• _Try it_
Find the line with "Used 2022 Chevrolet" in the entries below. Repeat it, every following line, and the line with "Hauptplatz von Forni di Sopra", exactly and with nothing added.

• _Data in this exercise_

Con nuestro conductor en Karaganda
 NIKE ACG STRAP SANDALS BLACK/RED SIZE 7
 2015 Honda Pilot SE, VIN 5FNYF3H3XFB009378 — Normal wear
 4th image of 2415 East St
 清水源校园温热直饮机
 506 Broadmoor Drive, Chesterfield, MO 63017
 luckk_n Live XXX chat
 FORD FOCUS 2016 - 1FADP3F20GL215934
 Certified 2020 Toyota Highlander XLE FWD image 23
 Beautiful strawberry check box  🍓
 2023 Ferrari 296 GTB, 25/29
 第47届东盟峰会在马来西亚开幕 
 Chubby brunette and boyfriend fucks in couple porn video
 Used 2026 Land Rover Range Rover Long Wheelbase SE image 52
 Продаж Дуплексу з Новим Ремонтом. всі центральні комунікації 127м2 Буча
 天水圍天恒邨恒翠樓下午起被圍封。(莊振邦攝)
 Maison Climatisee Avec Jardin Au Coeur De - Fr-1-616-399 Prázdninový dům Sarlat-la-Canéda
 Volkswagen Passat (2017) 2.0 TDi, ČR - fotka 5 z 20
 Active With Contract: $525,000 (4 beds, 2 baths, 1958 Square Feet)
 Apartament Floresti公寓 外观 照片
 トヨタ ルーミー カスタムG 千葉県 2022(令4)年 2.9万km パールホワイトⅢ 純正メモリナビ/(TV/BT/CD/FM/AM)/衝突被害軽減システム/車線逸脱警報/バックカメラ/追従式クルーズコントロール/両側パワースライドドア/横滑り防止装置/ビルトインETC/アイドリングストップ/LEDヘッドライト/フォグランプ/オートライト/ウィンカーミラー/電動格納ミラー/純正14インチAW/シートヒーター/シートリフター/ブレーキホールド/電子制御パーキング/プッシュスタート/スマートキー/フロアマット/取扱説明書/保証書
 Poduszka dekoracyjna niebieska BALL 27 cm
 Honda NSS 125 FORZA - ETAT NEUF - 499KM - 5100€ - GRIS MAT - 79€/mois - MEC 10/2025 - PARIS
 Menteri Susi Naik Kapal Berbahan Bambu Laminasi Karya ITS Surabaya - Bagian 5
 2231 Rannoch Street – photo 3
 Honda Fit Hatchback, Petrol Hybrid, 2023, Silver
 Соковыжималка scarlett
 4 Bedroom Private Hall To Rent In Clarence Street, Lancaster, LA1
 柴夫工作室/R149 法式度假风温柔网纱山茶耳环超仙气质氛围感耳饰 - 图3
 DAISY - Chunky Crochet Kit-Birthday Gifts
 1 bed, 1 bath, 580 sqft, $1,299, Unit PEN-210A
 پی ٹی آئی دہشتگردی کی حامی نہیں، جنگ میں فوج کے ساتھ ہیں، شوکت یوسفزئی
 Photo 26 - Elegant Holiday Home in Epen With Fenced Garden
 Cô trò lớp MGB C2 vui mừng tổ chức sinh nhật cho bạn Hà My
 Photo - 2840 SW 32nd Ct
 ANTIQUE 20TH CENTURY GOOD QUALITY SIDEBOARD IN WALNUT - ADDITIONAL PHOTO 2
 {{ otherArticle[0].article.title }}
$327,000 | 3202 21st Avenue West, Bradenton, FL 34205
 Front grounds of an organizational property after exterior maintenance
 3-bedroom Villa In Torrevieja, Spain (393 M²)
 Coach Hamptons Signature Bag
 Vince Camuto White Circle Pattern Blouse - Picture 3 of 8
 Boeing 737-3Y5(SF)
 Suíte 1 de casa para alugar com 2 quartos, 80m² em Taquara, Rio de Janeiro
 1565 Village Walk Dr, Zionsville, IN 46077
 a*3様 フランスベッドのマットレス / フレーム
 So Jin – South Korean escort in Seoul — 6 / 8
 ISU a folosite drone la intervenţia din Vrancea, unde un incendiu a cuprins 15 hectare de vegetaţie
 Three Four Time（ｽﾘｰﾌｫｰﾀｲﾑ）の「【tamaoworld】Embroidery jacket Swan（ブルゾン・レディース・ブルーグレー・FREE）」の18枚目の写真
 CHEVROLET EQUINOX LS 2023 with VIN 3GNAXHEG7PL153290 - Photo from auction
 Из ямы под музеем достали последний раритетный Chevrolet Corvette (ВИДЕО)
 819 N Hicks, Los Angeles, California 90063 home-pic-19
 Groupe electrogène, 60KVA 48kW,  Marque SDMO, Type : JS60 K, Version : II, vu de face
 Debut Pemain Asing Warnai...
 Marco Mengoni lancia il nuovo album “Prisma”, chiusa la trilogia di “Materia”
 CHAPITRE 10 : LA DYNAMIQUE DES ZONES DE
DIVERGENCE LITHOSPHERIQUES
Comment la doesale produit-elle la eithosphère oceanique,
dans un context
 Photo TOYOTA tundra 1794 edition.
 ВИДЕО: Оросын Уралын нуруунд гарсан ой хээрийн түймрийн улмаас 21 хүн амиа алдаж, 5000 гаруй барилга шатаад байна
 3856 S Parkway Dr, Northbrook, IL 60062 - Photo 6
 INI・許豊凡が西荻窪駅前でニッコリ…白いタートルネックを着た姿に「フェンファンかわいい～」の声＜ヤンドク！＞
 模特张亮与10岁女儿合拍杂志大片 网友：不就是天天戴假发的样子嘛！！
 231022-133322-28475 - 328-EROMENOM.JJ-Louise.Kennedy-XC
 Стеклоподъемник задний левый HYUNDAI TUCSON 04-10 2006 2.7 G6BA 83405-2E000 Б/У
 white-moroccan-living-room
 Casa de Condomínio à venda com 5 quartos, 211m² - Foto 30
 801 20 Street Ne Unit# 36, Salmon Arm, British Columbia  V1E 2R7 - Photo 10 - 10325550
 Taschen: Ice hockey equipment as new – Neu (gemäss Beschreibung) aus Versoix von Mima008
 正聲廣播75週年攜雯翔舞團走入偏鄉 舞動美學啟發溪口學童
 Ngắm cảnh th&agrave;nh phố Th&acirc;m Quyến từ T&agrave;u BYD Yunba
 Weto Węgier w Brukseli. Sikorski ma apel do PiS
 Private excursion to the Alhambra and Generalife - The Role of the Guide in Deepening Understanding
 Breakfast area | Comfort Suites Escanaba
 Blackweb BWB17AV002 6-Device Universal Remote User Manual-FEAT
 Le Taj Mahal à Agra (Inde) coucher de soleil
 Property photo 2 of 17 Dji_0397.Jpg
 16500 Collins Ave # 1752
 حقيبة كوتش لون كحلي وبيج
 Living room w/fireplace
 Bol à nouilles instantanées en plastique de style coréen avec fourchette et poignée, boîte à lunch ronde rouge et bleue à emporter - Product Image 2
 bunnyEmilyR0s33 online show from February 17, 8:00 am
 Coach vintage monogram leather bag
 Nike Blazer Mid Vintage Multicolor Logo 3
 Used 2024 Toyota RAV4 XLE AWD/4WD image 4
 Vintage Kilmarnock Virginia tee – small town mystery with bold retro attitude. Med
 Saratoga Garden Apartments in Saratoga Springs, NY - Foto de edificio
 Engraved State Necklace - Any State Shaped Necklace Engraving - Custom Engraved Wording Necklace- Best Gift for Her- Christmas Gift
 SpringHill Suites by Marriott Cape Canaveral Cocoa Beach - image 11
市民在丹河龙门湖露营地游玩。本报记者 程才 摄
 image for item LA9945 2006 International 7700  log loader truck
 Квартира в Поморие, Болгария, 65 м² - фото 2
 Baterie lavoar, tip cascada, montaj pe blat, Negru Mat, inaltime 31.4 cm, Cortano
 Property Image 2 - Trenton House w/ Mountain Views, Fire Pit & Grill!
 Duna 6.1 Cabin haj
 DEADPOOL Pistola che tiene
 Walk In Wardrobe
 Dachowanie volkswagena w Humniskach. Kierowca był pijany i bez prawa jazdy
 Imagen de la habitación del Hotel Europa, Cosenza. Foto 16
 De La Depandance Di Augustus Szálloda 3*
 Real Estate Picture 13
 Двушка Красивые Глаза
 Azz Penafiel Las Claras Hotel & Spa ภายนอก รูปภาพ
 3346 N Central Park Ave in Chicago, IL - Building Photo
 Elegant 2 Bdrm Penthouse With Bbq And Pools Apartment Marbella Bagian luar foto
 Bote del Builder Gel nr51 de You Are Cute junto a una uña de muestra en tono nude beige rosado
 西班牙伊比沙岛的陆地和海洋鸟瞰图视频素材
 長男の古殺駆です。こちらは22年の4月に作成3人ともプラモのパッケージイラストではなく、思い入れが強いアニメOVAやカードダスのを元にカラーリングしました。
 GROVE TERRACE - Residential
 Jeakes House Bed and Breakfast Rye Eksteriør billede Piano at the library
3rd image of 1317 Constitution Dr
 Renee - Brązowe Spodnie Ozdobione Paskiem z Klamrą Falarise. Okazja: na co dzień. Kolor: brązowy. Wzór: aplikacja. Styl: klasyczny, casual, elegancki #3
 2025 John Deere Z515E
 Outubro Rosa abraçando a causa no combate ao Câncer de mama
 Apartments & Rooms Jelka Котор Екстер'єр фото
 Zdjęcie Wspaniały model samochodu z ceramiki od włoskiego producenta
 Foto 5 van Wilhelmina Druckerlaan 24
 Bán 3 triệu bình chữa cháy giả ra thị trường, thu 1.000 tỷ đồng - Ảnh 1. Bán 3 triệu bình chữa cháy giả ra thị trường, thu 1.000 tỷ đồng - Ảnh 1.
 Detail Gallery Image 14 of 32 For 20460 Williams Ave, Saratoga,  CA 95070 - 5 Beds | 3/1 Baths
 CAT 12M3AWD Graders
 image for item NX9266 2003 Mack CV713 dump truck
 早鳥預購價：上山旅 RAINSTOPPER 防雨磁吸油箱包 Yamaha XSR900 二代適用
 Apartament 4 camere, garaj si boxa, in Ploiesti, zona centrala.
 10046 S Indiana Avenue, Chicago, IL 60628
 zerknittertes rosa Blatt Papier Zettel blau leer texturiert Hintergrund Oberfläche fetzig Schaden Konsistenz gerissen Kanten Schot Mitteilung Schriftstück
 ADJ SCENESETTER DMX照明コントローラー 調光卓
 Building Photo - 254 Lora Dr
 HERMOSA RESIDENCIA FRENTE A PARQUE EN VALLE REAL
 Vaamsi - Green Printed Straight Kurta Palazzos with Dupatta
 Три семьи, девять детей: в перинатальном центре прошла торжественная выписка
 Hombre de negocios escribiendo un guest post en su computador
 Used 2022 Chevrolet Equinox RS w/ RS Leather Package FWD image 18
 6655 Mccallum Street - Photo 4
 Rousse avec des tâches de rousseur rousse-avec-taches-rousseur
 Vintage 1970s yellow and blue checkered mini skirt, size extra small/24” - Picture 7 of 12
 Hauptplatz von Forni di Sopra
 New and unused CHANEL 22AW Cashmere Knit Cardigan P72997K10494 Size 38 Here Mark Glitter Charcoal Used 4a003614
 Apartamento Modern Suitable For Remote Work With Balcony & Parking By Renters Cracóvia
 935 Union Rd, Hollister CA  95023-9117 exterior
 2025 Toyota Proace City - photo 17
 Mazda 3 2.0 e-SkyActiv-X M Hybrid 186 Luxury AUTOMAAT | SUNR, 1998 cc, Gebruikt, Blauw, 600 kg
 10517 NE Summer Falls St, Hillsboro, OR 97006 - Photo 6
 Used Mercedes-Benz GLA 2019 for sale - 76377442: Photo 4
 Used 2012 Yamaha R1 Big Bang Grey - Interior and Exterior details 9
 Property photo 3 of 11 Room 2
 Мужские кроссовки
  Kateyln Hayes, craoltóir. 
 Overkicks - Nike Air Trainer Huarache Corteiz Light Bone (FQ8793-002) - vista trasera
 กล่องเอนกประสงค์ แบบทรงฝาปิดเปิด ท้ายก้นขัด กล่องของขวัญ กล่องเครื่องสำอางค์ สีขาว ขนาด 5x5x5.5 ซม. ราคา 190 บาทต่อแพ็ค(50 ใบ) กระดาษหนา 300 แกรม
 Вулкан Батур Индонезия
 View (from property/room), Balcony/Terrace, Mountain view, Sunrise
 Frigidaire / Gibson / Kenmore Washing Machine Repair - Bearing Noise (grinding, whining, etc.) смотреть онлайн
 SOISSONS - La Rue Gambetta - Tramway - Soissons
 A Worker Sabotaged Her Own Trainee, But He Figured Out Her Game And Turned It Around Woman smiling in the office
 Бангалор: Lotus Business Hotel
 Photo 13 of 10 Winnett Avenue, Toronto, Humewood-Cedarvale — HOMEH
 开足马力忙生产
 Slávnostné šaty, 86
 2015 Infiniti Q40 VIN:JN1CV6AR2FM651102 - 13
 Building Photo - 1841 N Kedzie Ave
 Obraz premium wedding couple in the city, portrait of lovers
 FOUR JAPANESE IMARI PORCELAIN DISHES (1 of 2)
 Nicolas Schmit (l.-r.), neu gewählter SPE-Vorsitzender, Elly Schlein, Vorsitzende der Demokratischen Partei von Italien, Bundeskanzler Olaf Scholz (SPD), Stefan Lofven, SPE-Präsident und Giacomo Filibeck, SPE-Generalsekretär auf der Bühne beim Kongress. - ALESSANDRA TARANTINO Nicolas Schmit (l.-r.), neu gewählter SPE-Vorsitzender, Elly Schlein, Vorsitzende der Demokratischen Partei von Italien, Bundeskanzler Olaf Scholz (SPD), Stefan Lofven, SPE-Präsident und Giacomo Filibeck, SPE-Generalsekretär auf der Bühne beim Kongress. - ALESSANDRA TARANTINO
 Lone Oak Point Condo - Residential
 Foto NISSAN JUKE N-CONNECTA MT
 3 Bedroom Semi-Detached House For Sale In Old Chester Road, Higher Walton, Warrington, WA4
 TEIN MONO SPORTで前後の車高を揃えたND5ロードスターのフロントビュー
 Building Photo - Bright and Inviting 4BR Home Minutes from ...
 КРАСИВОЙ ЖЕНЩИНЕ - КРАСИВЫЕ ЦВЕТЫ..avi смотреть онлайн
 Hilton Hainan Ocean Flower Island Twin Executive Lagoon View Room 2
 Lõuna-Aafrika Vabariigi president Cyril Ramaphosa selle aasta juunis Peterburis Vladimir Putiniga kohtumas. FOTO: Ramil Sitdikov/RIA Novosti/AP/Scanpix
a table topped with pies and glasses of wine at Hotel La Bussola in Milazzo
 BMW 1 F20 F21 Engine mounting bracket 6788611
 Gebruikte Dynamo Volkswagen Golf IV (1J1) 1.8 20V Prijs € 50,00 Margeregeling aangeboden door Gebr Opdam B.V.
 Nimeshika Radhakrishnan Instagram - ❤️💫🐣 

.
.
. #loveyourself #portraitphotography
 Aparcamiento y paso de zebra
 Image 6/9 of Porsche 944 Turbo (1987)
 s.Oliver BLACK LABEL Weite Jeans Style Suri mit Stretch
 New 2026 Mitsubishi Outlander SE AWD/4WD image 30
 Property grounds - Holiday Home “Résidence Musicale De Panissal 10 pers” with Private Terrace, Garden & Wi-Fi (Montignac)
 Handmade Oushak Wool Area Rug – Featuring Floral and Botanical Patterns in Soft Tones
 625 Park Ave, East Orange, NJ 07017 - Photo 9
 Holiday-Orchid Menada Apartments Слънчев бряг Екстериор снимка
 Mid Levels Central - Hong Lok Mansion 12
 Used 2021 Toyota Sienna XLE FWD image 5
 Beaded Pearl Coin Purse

• _Response box_
 Used 2022 Chevrolet Equinox RS w/ RS Leather Package FWD image 18
 6655 Mccallum Street - Photo 4
 Rousse avec des tâches de rousseur rousse-avec-taches-rousseur
 Vintage 1970s yellow and blue checkered mini skirt, size extra small/24” - Picture 7 of 12
 Hauptplatz von Forni di Sopra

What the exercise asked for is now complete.